And why, when the same is done with a smart pointer (smart Pointer), there is error?

int main( void )
{
    std :: string somebody = "Luiz";
    std :: unique_ptr< char > pointer( &somebody[ 0 ] );
    
    pointer++; //erro ao tentar avançar para o próximo endereço de memória

    std :: cout << pointer << std :: endl; //outro erro por tentar imprimir sem o asterisco (*) ou o e comercial (&)

    return 0;
}
c++ string pointer char smart-pointer

1 answer

5


It happens because when you do:

std::string somebody = "Luiz";
char* pointer = &somebody[1];

You declare pointer as a pointer to a character.

Do you know what a C string is? It’s basically an array of characters. In C, the type char* is commonly used to point to the first character of that list, which is the string. See more here.

Since C++ was created with a view to "compatibility" with C, the language supports the so-called "C strings". It is essential to understand that std::string and a C string are different things in C++, see here to learn more.

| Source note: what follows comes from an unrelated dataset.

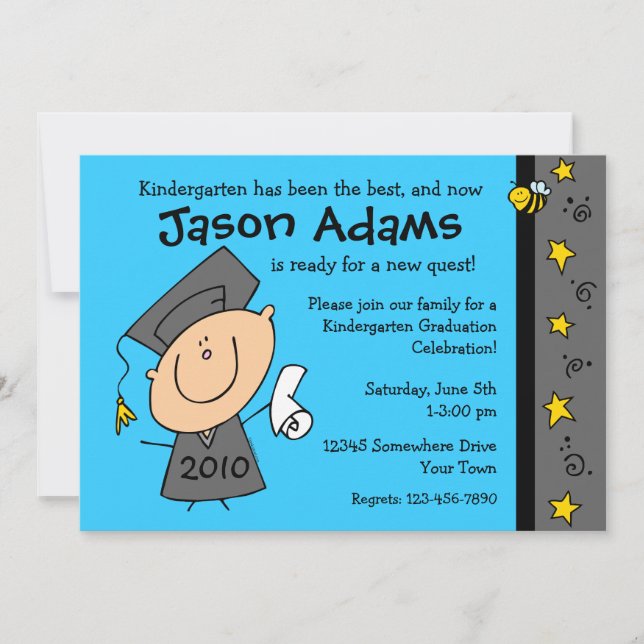 Cute Boy Custom Graduation Invitations (Front)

Therefore, what happens is that the operator << will understand values like char* (such as the pointer you provided in the first example) as the first character of a C string. This will cause it to read until it finds NUL Character.

See that the operator << is burdened to deal with values of the kind char*, and the defined behavior was to treat them as a string in C and "read" until you find the NUL char.

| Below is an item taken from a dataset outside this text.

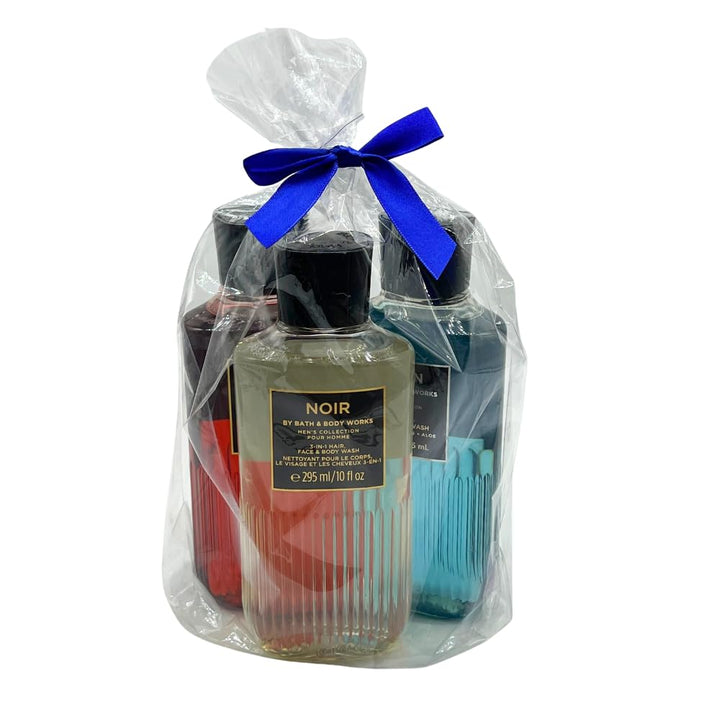 Bath & Body Works BOURBON, NOIR, OCEAN Men's Collection 3-in-1 Hair, Face & Body Wash 3-piece Gift Set with a Blue Bow for Holidays - 10 fl oz each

If you want to print the actual address, you can make a cast, thus:

std::cout << (void*)pointer << std::endl;
//=> 0x7ffee14b7573

And note that if you mismatch the pointer, it will print only the pointed character (which is also the first character of the C string):

std::cout << *pointer << std::endl;
//=> i

About the errors regarding the use of smart Pointer unique_ptr, first of all you should ask yourself... why are you using them?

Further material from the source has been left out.